Use a flat shovel, get under the shakes and pop the shakes by pushing the shovel handel downward. They should pop off.


----------



## OldNBroken (Jun 11, 2008)

actually, flat, d-handled pitchforks (potato forks) work best.


----------



## parkerfairfield (Apr 28, 2007)

OldNBroken said:


> actually, flat, d-handled pitchforks (potato forks) work best.


I'd definitely agree on the pitchforks.

Also - it's the CLEAN UP that will kill you.

I take it you're going to be DIYing ... so some ideas:


if your roof is so steep you need to use a hand to steady yourself when you walk on it, it's too step to DIY.
get a bunch of 50gal garbage buckets to throw debris into as you go along
don't overload the garbage bucket - the more it weighs, the better your chance of either having it pull you off the roof or when you're pulling it, you may put your foot through the skipped sheathing
if you live in a bad weather area... be prepared for it. Synthetic felt is the best. Make sure you have nails to nail it down.
start early
drink water until you're done for the day
have more people than you think you'll need
if it's your first time - have some people walking garbage buckets while others work ...
start on the FARTHEST section from the dumpster / dumptruck, and work towards the dumpster.
have everyone work on ONE section at a time until they have a clue. Watching does help. As does a speed competition
NEVER EVER step on anything that is not nailed down - even a flat bar can become a ski.
When your sliding, PLAN your fall - TRY to hit the chimney. If none, then a tree. If there's no tree, try to land on a bush. Grab at EVERYTHING (never at anyONE - as they'll fall on top of you) and your last resort is the gutter.
after you've done your tear off - get a blower on the roof & blow off all of the dust - it's slippery
drink a lot of water
never throw debris to the ground - it's tons of work. figure out how you can get it straight from the roof to the dumptruck with ONE throw.
put plastic on the ground between the house & the dumpster
if it's got a little bit of dry rot - cut it out and replace it. That section wont be expose for another 30 years. do it right.
 
Good luck.

Oh, and take a lot of pictures that you can post when your done - it makes us feel good.


----------



## OldNBroken (Jun 11, 2008)

Don't forget to tell em to drink lots of water! lol

One of the worst things on a tearoff is having to handle it more than once. Like he said, try any way you can to get it from the roof straight into the truck/dumpster. The tearoff will seem like gravy compared to cleaning it all up from the ground when you're done. It may not look like a lot of material when it's laying on that roof, but once it's piled on the ground...your opinion of that changes quick


----------



## parkerfairfield (Apr 28, 2007)

Hey ... cover the driveway with OSB if you're worried about where they drop the dumpster.

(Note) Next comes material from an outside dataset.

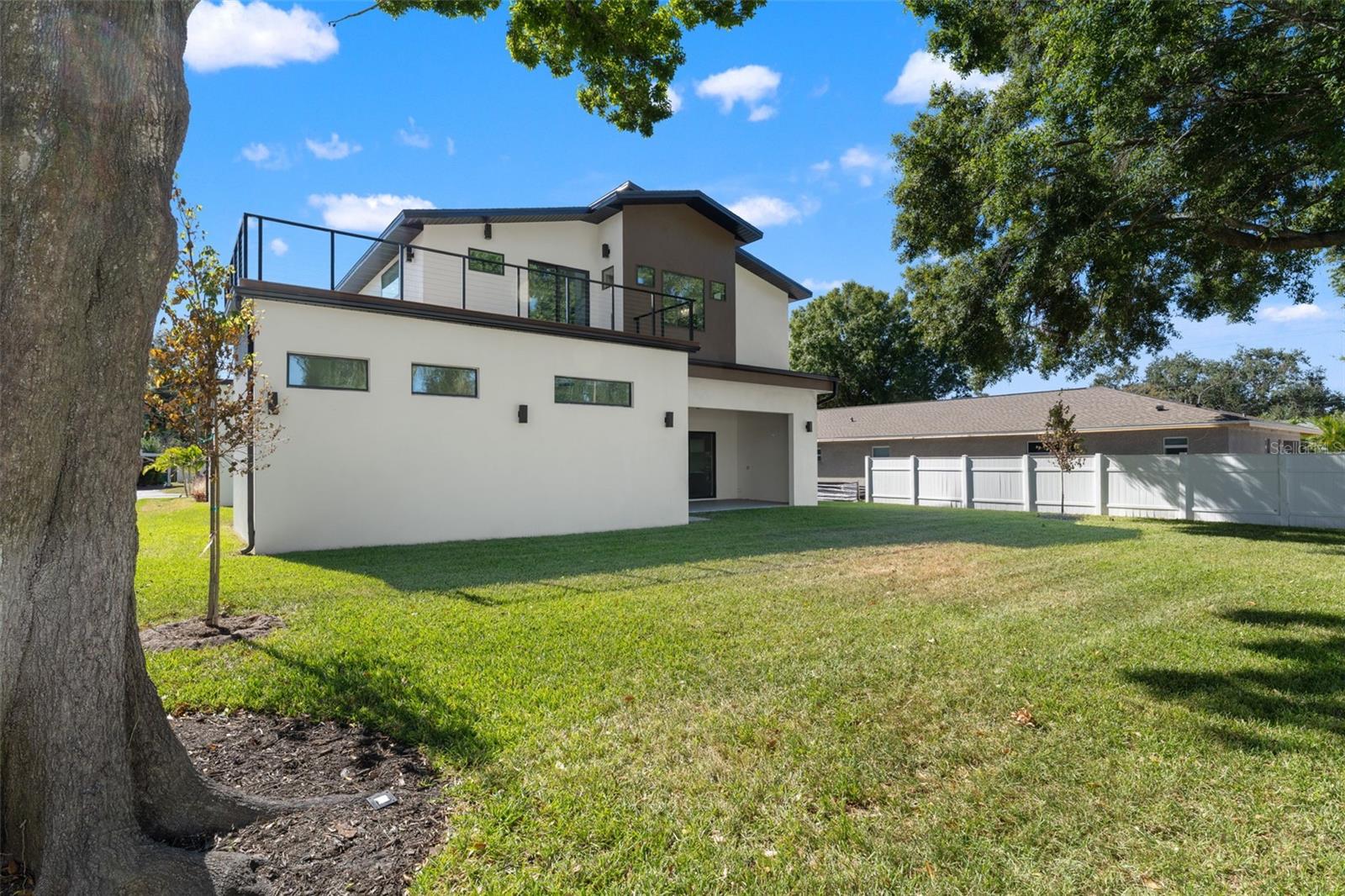 Image 76 of 81 For 3817 San Nicholas Street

If you can't get the dumpster close, you're not trying hard enough.

Who's doing the shingling? Rent a nail gun ... and figure out the APPLICATION.

Always replace your metal ... including the chimney saddle.

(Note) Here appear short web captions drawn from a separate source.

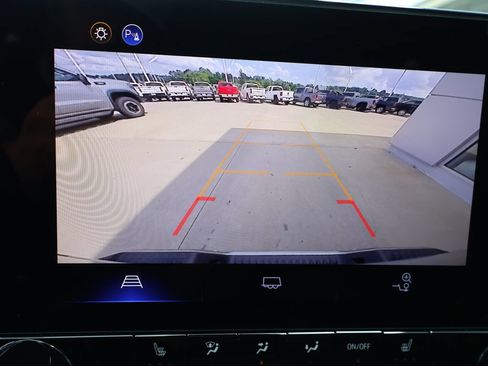 Certified 2025 Chevrolet Colorado LT w/ Advanced Trailering Package AWD/4WD image 22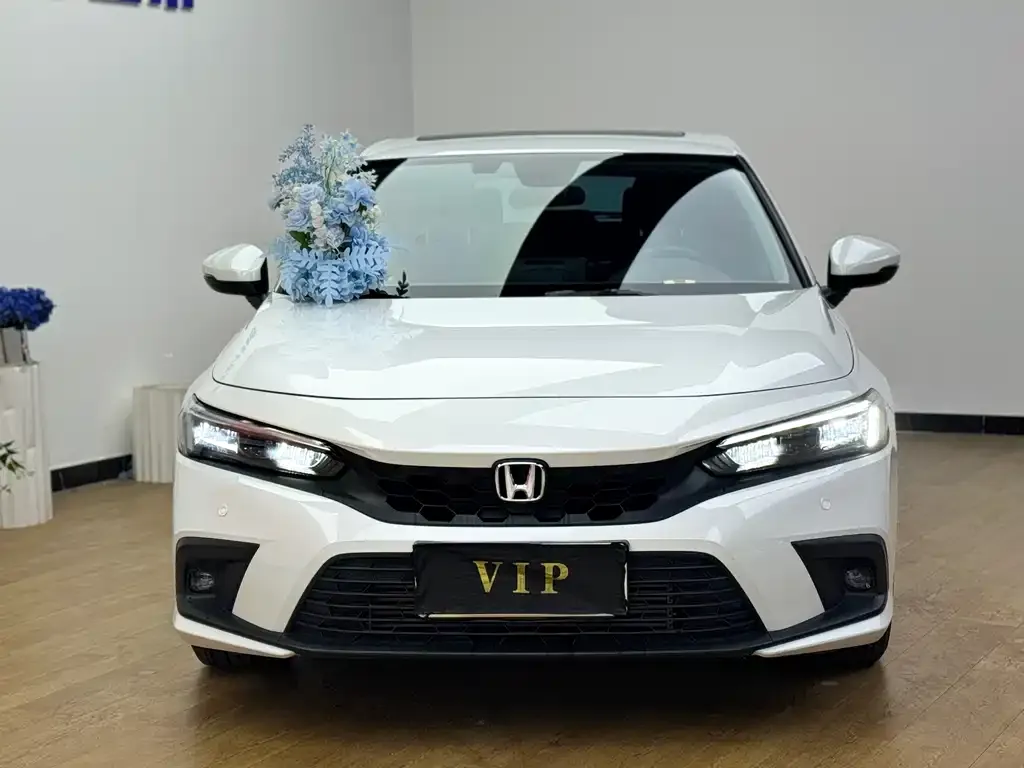 Honda Civic 2024 из CN, фото 2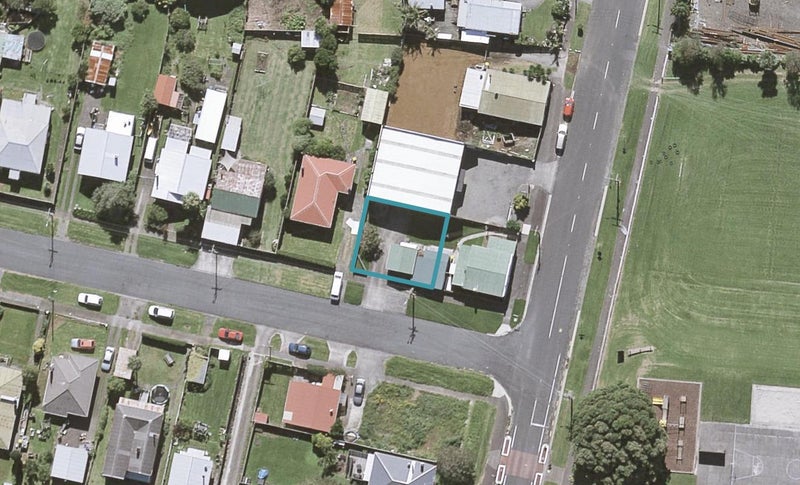 2 Harbour Street, Moturoa, New Plymouth - Carousel 1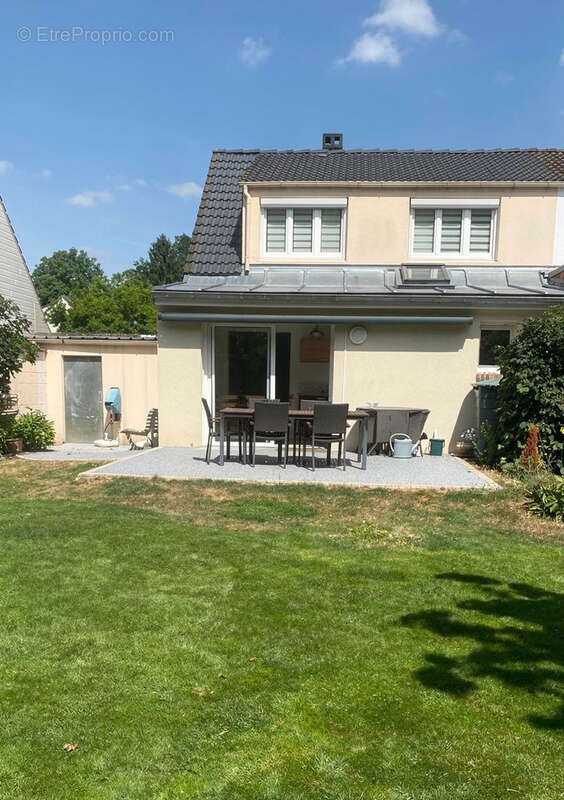 Maison à SAINT-QUENTIN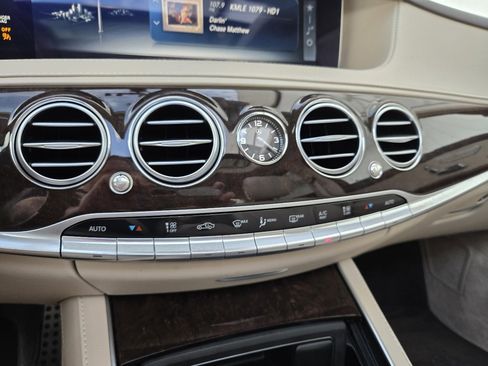 Used 2020 Mercedes-Benz S 450 Sedan image 21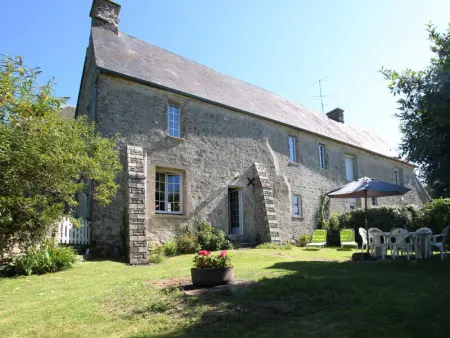 Manoir charmant au cœur du Cotentin, Gite 8 personnes à Orglandes - Photo 3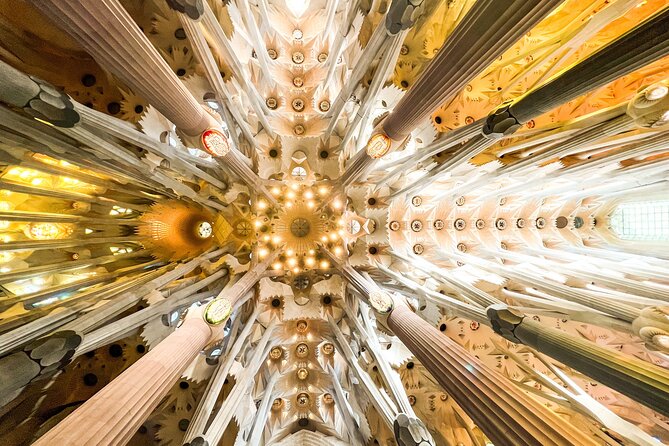 Sagrada Familia Small Group Guided Tour with Skip the Line Ticket - What the radio system adds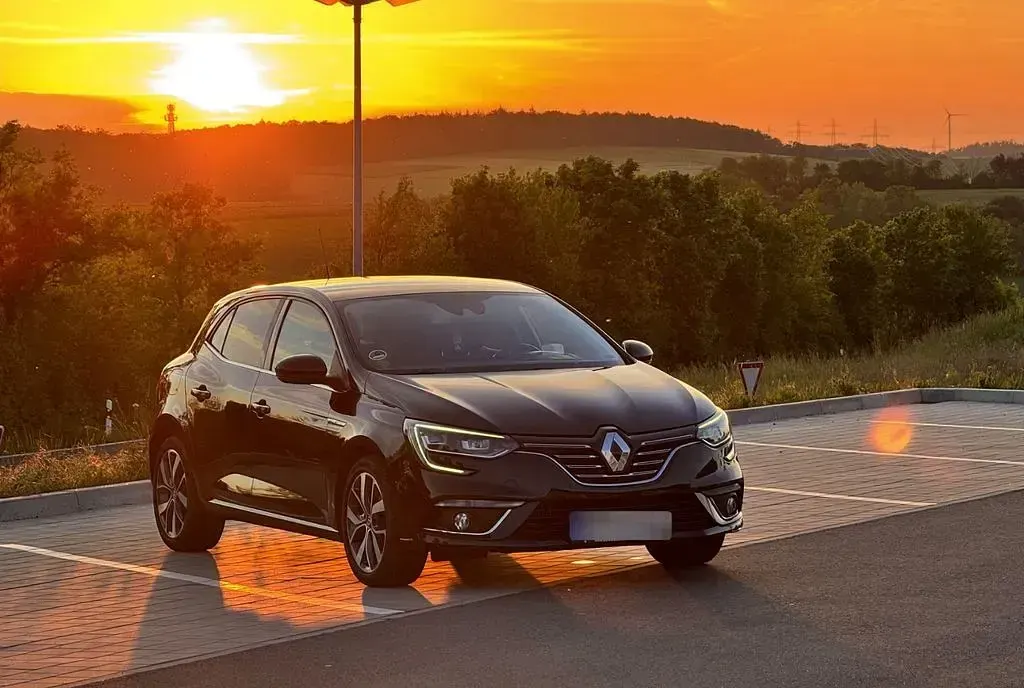 Gebraucht Renault Mégane Bose Edition 131 PS (96 kW) 2016 Schwarz Limousine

What's a saddle you say? Maybe you should go to the roofing supply and troll for a roofer.


----------



## mikey48 (Dec 6, 2007)

Pay the extra cash and have the new shingles delivered to the roof. Lot of good advice in this thread. I did one of my houses which had a steep pitch and I handled all the debri twice. The 15 year roof lasted 16 years and I just paid to have it done 2 years ago. Hardest I have ever worked in my life.


----------



## parkerfairfield (Apr 28, 2007)

mikey48 said:


> Pay the extra cash and have the new shingles delivered to the roof. Lot of good advice in this thread. I did one of my houses which had a steep pitch and I handled all the debri twice. The 15 year roof lasted 16 years and I just paid to have it done 2 years ago. Hardest I have ever worked in my life.


OMG. Great point. Those of us that roof for a living take roof top delivery for granted.


----------